Un rauco suono di tromba, un fischio, un accorrere di uomini, un canto di moltitudine, uno schioccare di frusta, e la marcia continuava. Su, su, per la valle che sembrava senza fine, la valle di Ku-yu-kvan, sempre più aspra.

Improvvisamente la valle si restringe. Pare che si chiuda. Si ha l’impressione che non esista un’uscita, che le montagne si siano avanzate a barrare il passo. Non si scorge al primo momento un’angusta gola che s’apre alla destra, una specie di fenditura fra scogli a picco, larga una quarantina di metri, un vero corridoio fra pareti di roccia. Avevamo percorso un paese tetro; in quel punto entravamo nell’orrido.

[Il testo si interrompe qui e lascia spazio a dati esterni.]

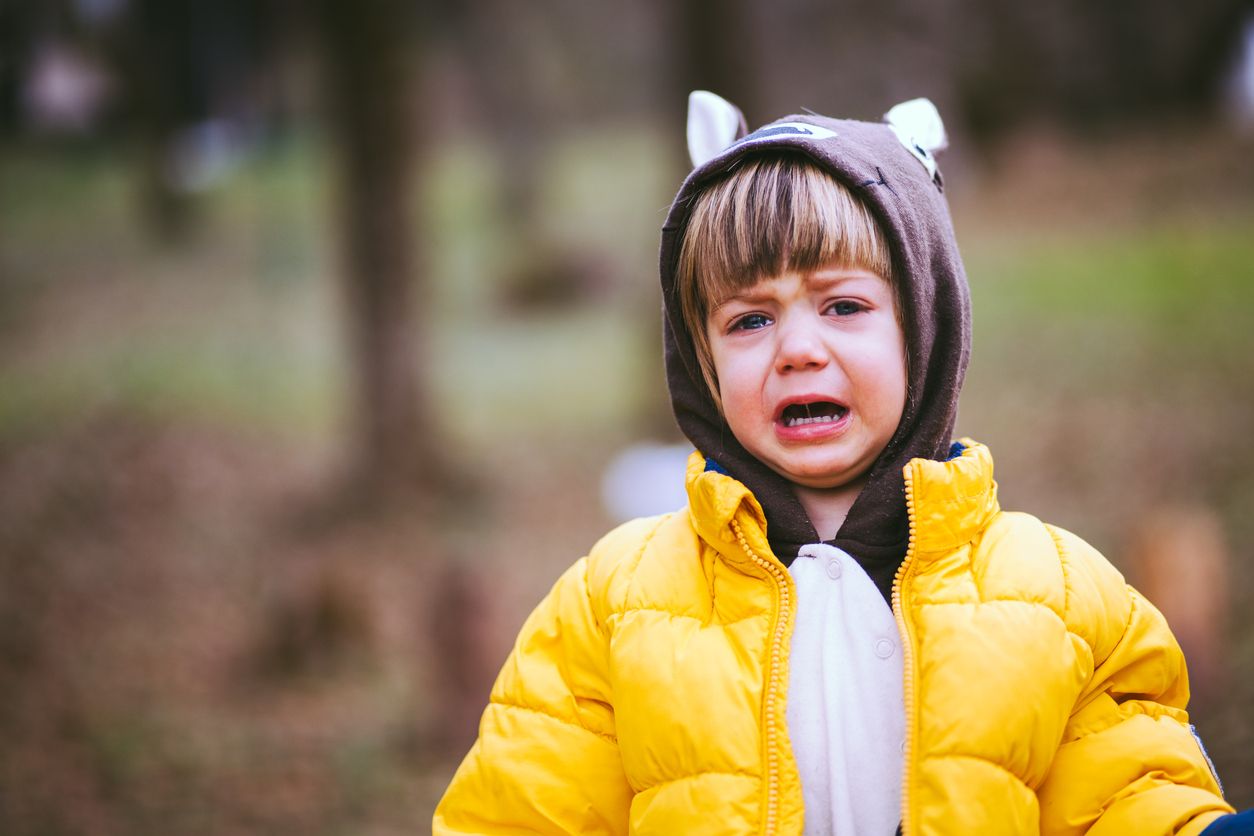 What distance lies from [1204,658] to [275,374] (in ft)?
36.5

Da epoche immemorabili gli uomini debbono aver avuto paura di quel paesaggio, poichè lo hanno considerato sacro. È sacro, forse perchè la gente passò sempre di lì con la preghiera sul labbro: quel luogo invita alle invocazioni. La montagna è già per se stessa un mistero alle menti semplici, è uno slanciarsi della terra verso il cielo; le grandi vette sono in contatto con la divinità. In quel punto, in mezzo ai monti, si apre una porta. Tutte le stirpi che l’hanno varcata vi debbono aver riconosciuto il segno di una volontà suprema, un’opera divina creata per ragioni imperscrutabili, e perciò terribili. Quegl’immani stipiti di basalto dovevano significare alle fantasie l’imposizione di un limite. Al di là v’era qualche cosa alla quale bisognava prostrarsi.